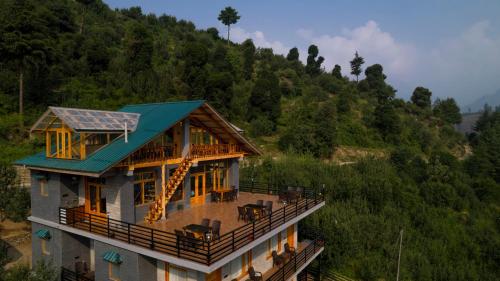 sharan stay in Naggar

--

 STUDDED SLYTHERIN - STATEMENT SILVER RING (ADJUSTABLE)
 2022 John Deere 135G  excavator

-- What is required --
Above are the records. Print exactly, and only, the lines from the line with "STUDDED SLYTHERIN - STATEMENT" to the line with "2022 John Deere", both inclusive.

-- Result of the task --
 STUDDED SLYTHERIN - STATEMENT SILVER RING (ADJUSTABLE)
 2022 John Deere 135G  excavator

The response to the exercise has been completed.